Flexible Spending Account (FSA)

A Flexible Spending Account (FSA) is an employer-sponsored benefit that lets you set aside pre-tax dollars to pay for eligible health care expenses. Unlike an HSA, you don’t need a high-deductible health plan to use one — but FSAs are only available through employer benefit packages.

Key FSA rules:

  • Use-it-or-lose-it: FSA funds generally must be used within the plan year. Employers may offer a grace period of up to 2.5 months or a rollover of up to $640 (2026 IRS limit) — but not both, and not all employers offer either.
  • Contribution limit: $3,300 per year for 2026 (employee contributions)
  • Front-loaded: Your full annual election is available on day one of the plan year, even before you’ve contributed it through payroll
  • Not portable: You lose unused funds if you leave your employer mid-year (with limited exceptions)

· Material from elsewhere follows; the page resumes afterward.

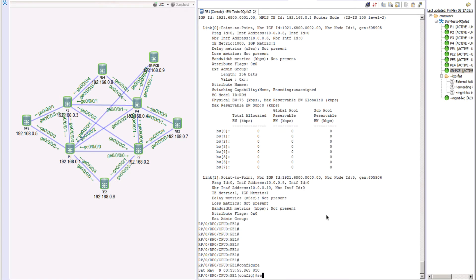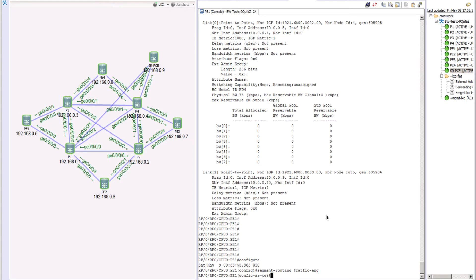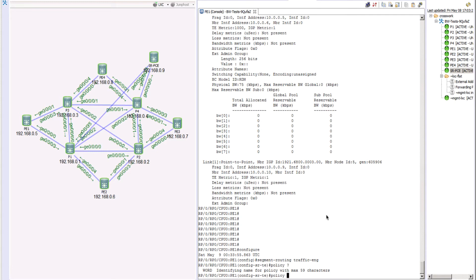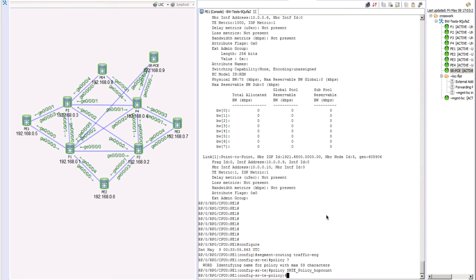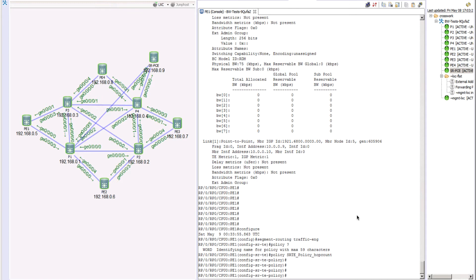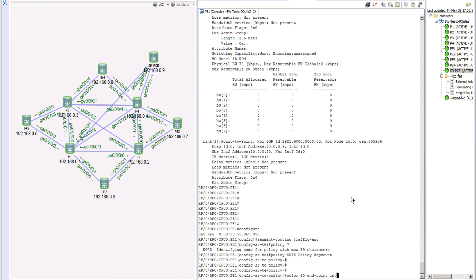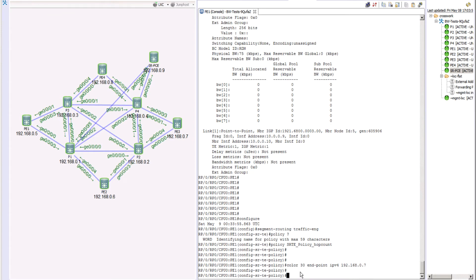Going into config mode, we navigate to 'segment-routing traffic-engineering'. The first thing is to use the keyword 'policy' followed by a policy name. We'll call it 'srt_policy_hop_count'. After defining the policy, we define a color — we'll pick the value 30. Then we configure our endpoint, which is our destination PE3 with loopback IP address 192.168.0.7, an IPv4 address.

FSA funds can be used for deductibles, copays, coinsurance, prescriptions, dental and vision care, and other IRS-qualified medical expenses. A dependent care FSA is a separate account used for childcare expenses.

Frequently Asked Questions

What’s the difference between an FSA and an HSA?

The main differences are eligibility and portability. An HSA requires a high-deductible health plan and is yours to keep indefinitely. An FSA is offered through an employer, doesn’t require an HDHP, and funds generally expire at year-end if unused. You cannot contribute to both an FSA and an HSA in the same year unless you have a limited-purpose FSA (for dental and vision only).

What happens to my FSA if I leave my job?

Unused FSA funds are generally forfeited when you leave your employer. You may be able to elect COBRA continuation for your FSA, which lets you access the full annual amount you elected through the end of the plan year by continuing to make monthly contributions. Whether COBRA applies to FSAs depends on your employer’s plan design.